#MoldenhauerWine – Il pensiero di Pietro e Aldo Giambenini nel creare questo vino, un rosato frizzante rifermentato in bottiglia, è stato: Easy bubbles, queste sono le prime parole che ci vengono in mente quando qualcuno ci chiede di descrivere Biso. Non easy nel senso  di semplice che spesso, quando si parla di vino, è sinonimo di mancanza di  personalità, vogliamo invece descrivere la sua  versatilità di consumo perché lo riteniamo un vino adatto a molteplici e diverse occasioni: ideale come aperitivo, a nostro avviso non ha paura di abbinamenti azzardati.

Presentare Tenuta la Cà vuole dire raccontare di due giovani che nel 2018 hanno deciso di diventare vignaioli a Calmasino di Bardolino, scelto di essere biologici certificati, di affidarsi alla consulenza del team Uva Sapiens per esaltare le uve che maturano nel microclima di cui gode la loro zona produttiva, insomma di produrre vini espressivi ed emozionali perfettamente spiegati da un’originale brochure che spiega i vari passaggi delle differenti vinificazioni. L’etichetta di Biso ha un look tra l’attuale e il romantico, degustarlo ha avuto anche un effetto rasserenante  e piacevole. Un nuovo vino quindi di una cantina giovane che propone etichette sempre interessanti e mai scontate.

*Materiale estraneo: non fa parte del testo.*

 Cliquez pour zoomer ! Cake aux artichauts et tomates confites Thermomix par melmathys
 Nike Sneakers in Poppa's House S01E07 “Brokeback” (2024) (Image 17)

Tornando a Biso, vino rifermentato in bottiglia, è a zero filtrazioni, zero zuccheri e solfiti aggiunti. Le uve di Corvinone provengono da suoli morenici di medio impasto, ricchi di argilla e minerali quali manganese, ferro e calcio. Il sottosuolo è ricco di sorgive che mantengono le radici sempre idratate, mentre il rinnovo della sostanza organica avviene tramite sovescio. La viticultura è biologica.

La Ca vigneto F0A3898

Le uve raccolte in vendemmia manuale passano sul tavolo di selezione vibrante, per la cernita manuale. I grappoli interi rimangono all’interno del tamburo per un periodo da due a quattro ore per l’ammostamento, quindi avviene la spremitura soffice in una pressa pneumatica, dopo di che il mosto fiore e pressato sono frazionati e viene utilizzato solo mosto fiore per Biso. La fermentazione termo-controllata è a 10°C in acciaio inox, con l’uso di lieviti selezionati, precede la maturazione sulle fecce per 8 mesi prima di essere imbottigliato manualmente in aprile, con luna crescente, e chiuso con tappo a corona. Da quel momento parte la seconda fermentazione in bottiglia dove affina per 10 mesi dopo la fine della rifermentazione.

Sorseggiando Biso

La degustazione

Dopo averlo portato tra i 6° e gli 8°, l’abbiamo stappato delicatamente e versato in calici. Ci ha subito conquistato per il suo bel colore rosa antico, per il suo bouquet fragrante tra la piccola frutta rossa, l’agrumato e il floreale. Ma la vera sorpresa è stato l’assaggio per la sua facilissima beva e grande freschezza, restando al palato un vino profondamente minerale, con un piacevolissimo ritorno di pompelmo e lampone. L’assaggio ci è piaciuto dato che il vino è praticamente secco, equilibrato ed estremamente attuale. A nostro avviso è perfetto con piatti estivi di carni bianche o di gamberi rosa delicatamente marinati.